Make an exact copy of the lines from the one containing "Departamento monoambiente reciclado" through the end of the records below, and leave out every picture.

━━━━━━━━

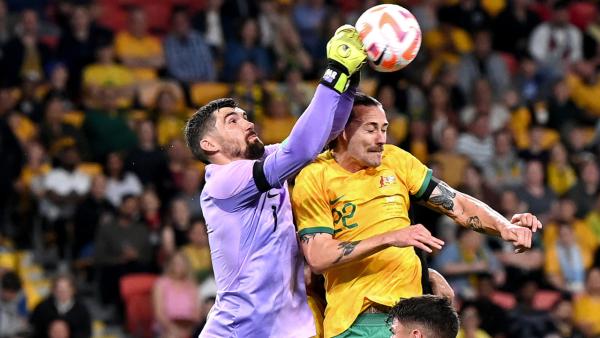 Mathew Ryan Highlights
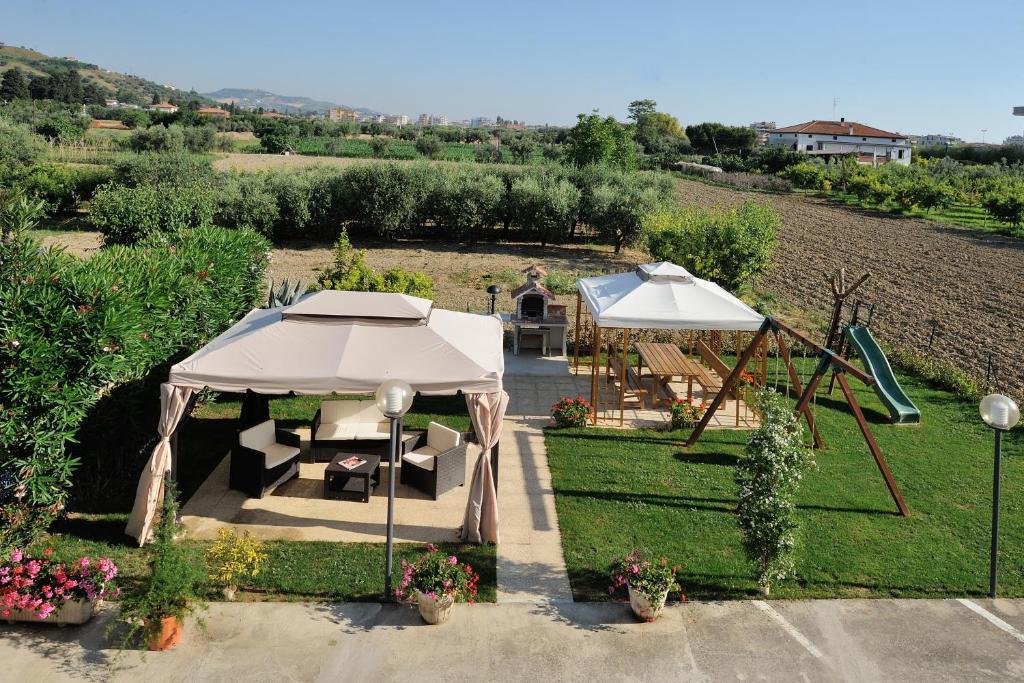 Hotel Lidia Alba Adriatica Exterior foto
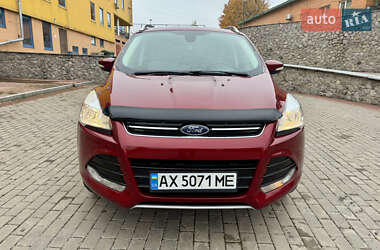 Внедорожник / Кроссовер Ford Escape 2014 в 
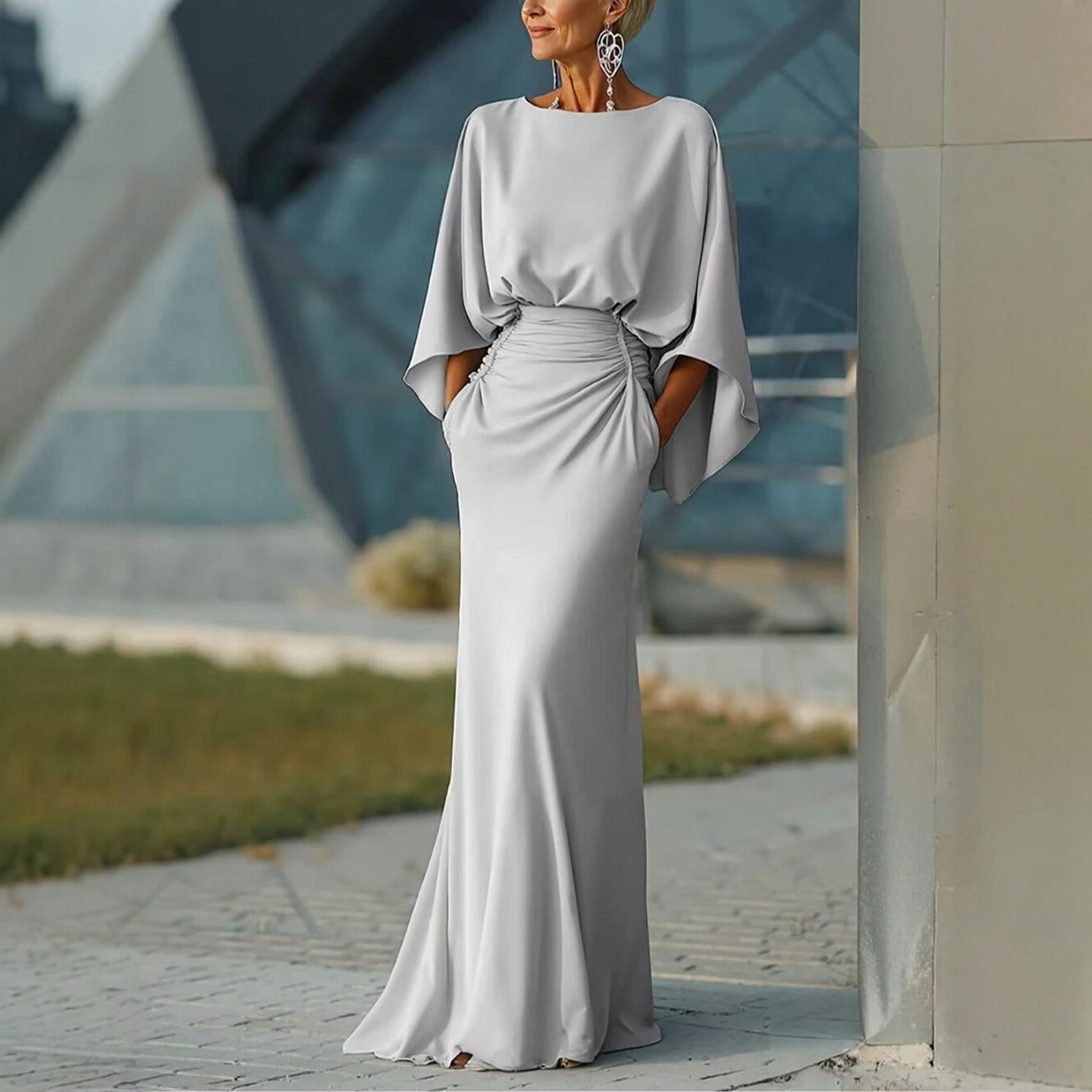 Elegant fitted long skirt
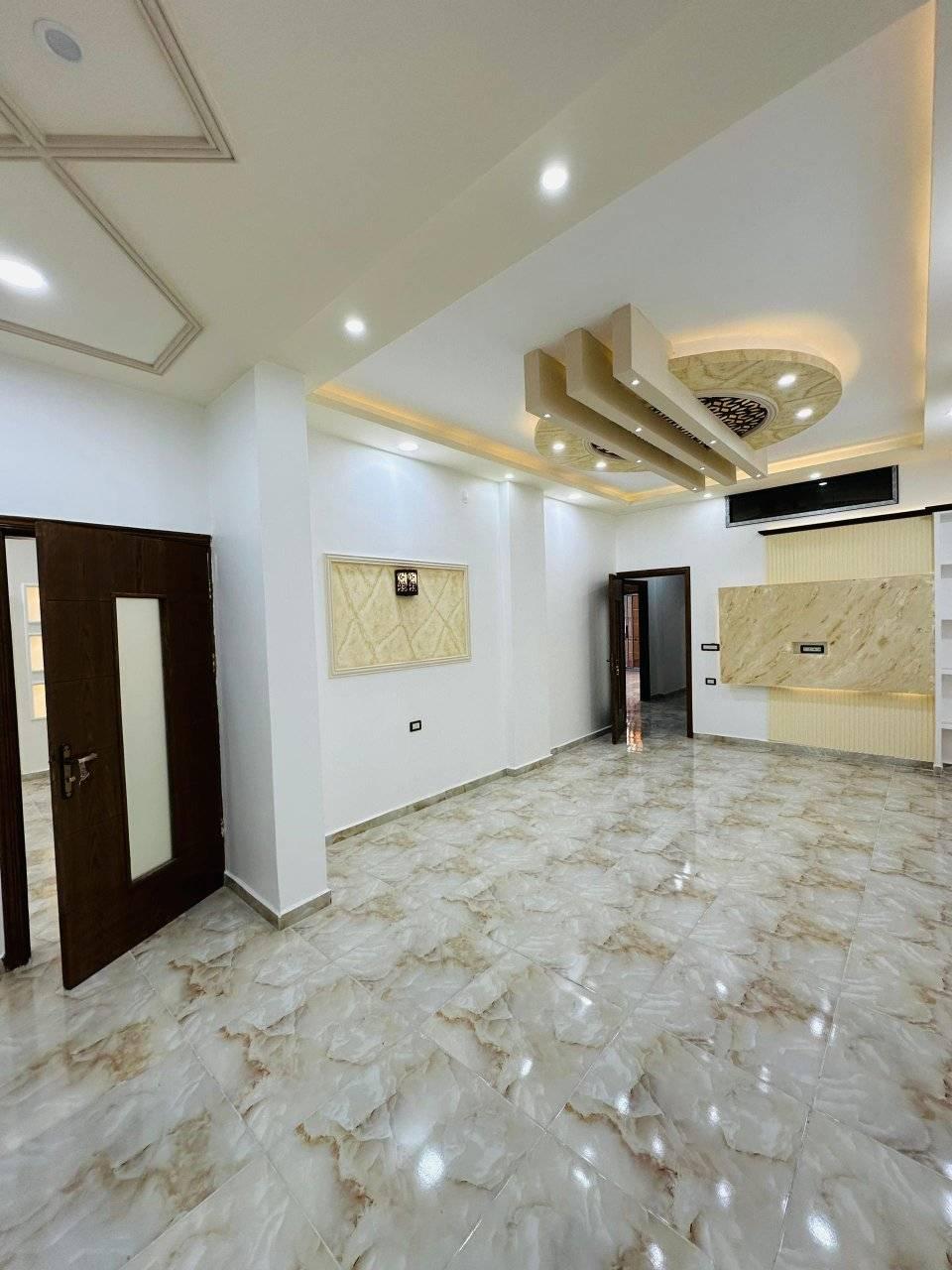 منزل للبيع شقة طابق ثاني فني واجهة في معضمية الشام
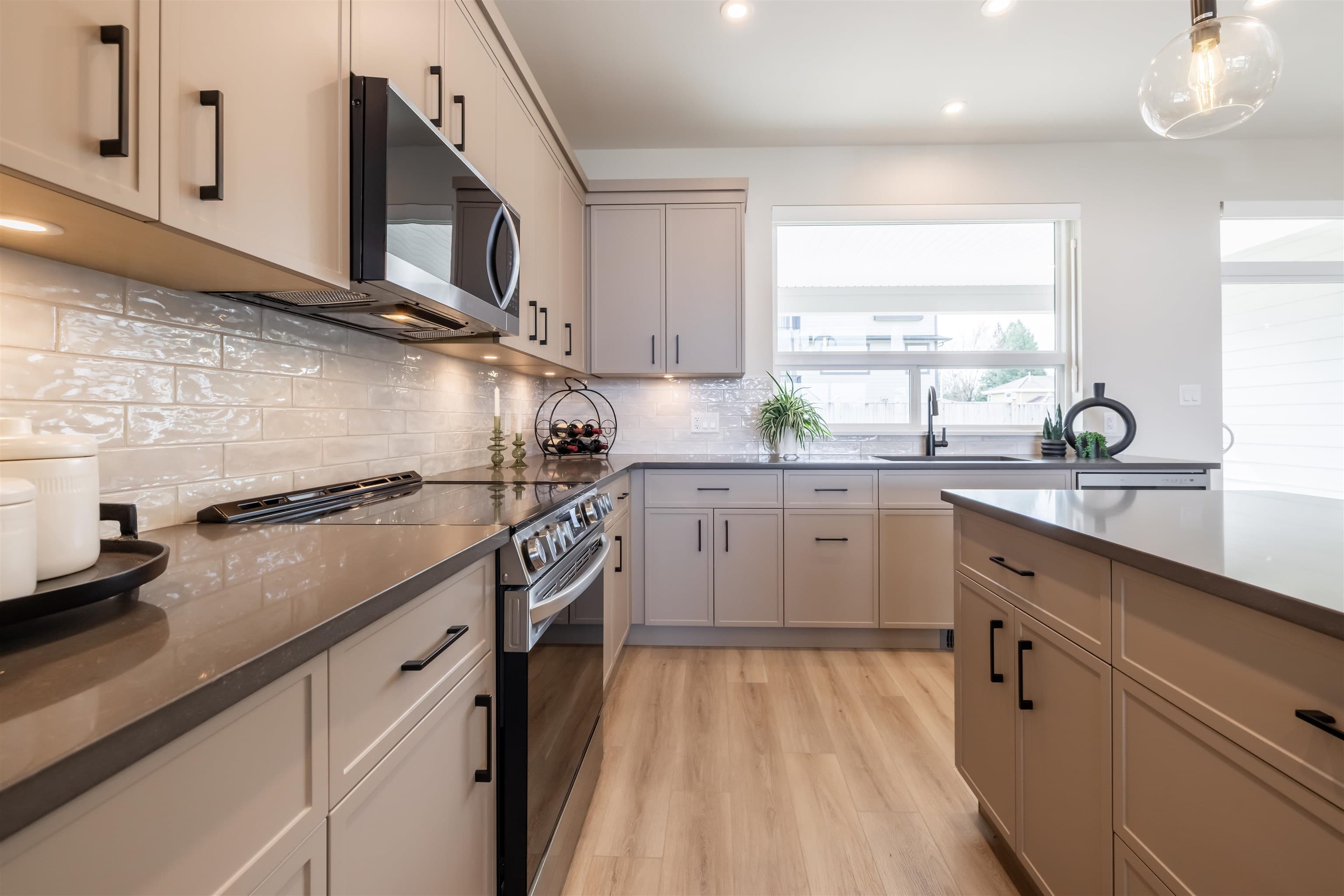 47280 Valerie Place, Chilliwack, V2P 0K4 — photo 3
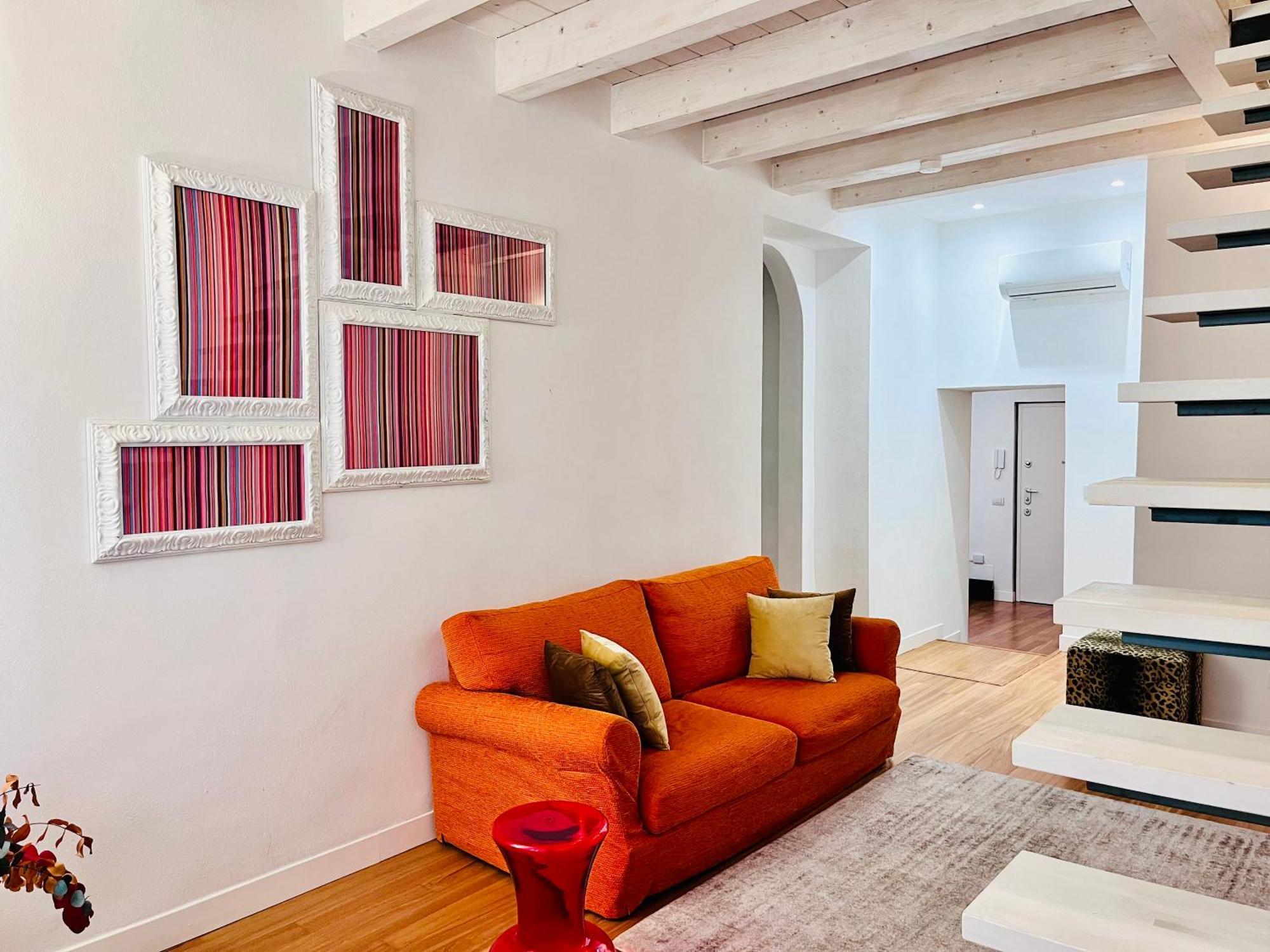 Riverside Loft Navigli - Spacious Two-bedroom Apartamento Milão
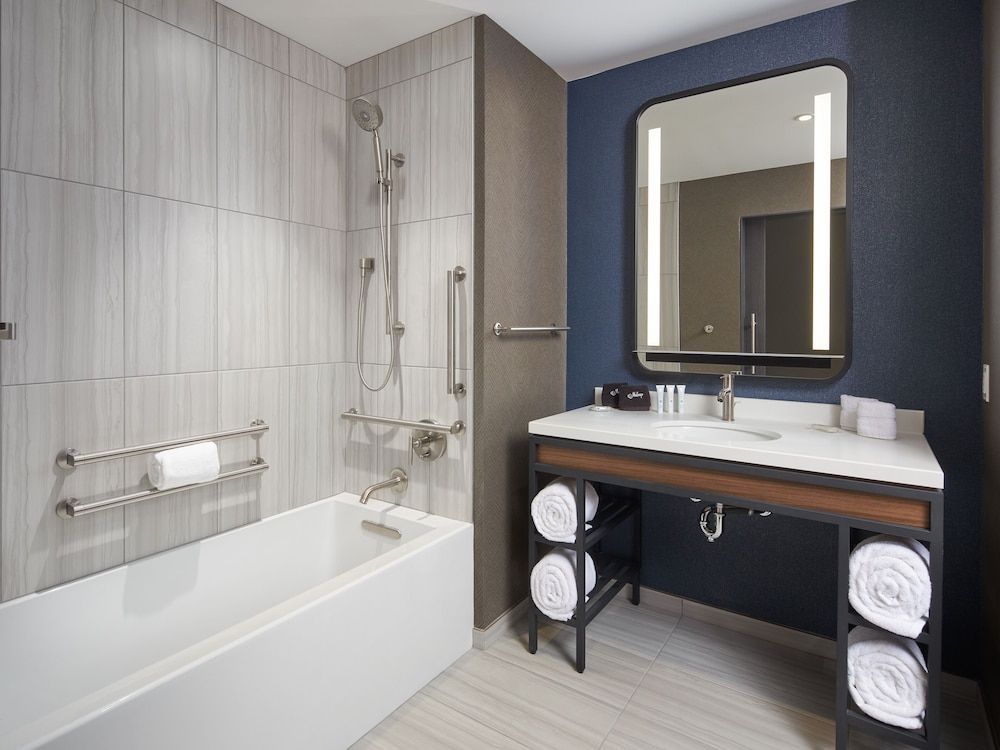 Grand Island Casino Resort Deluxe Room (Two Queen Accessible) 2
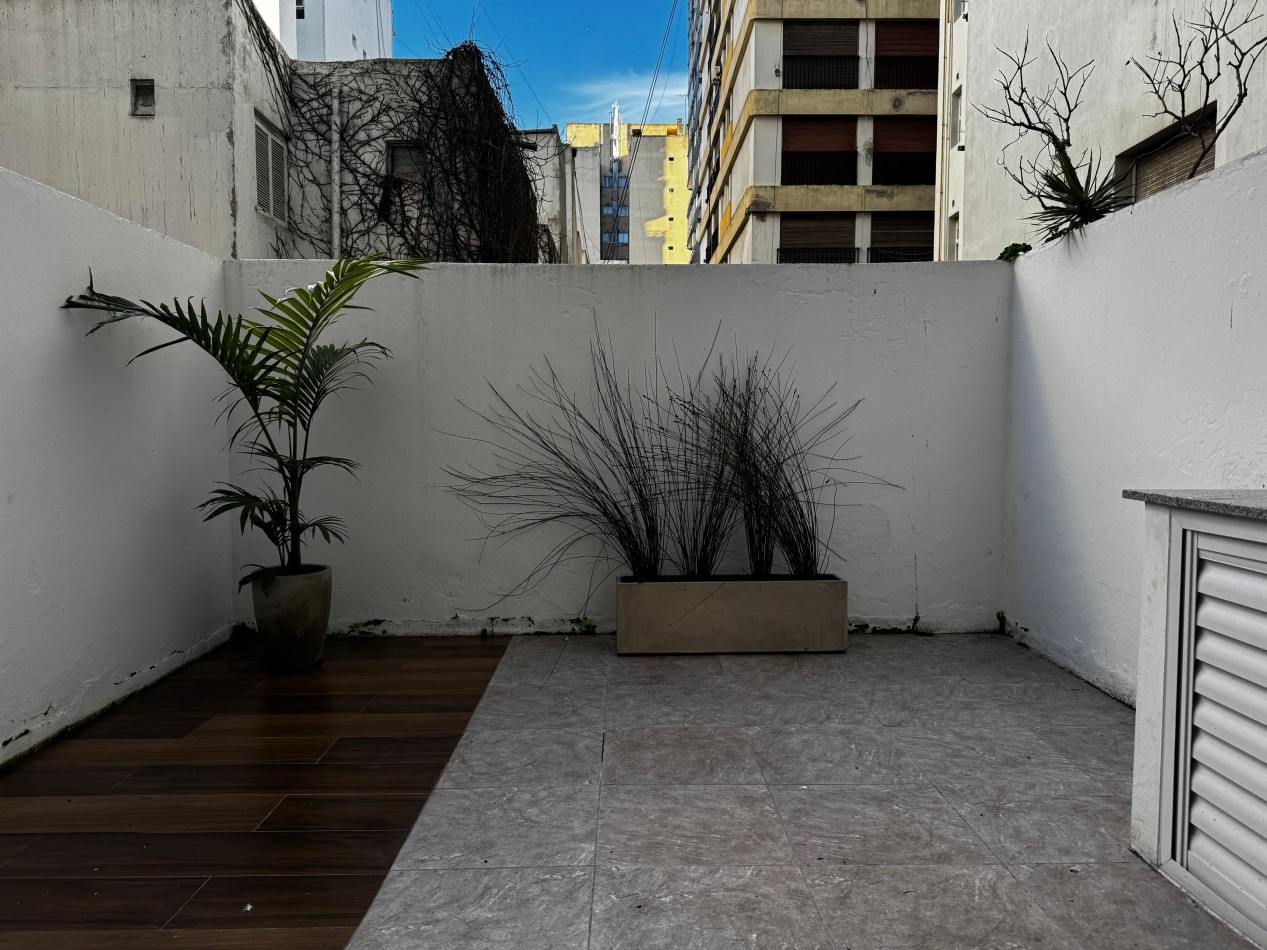 Departamento monoambiente reciclado con patio - 37 m2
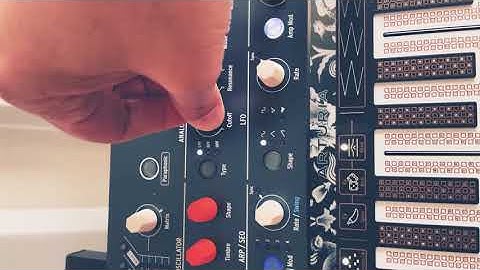 Roland tr8s & arturia microfreak jam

━━━━━━━━

_RESULT FOR THIS TASK_
 Departamento monoambiente reciclado con patio - 37 m2
 Roland tr8s & arturia microfreak jam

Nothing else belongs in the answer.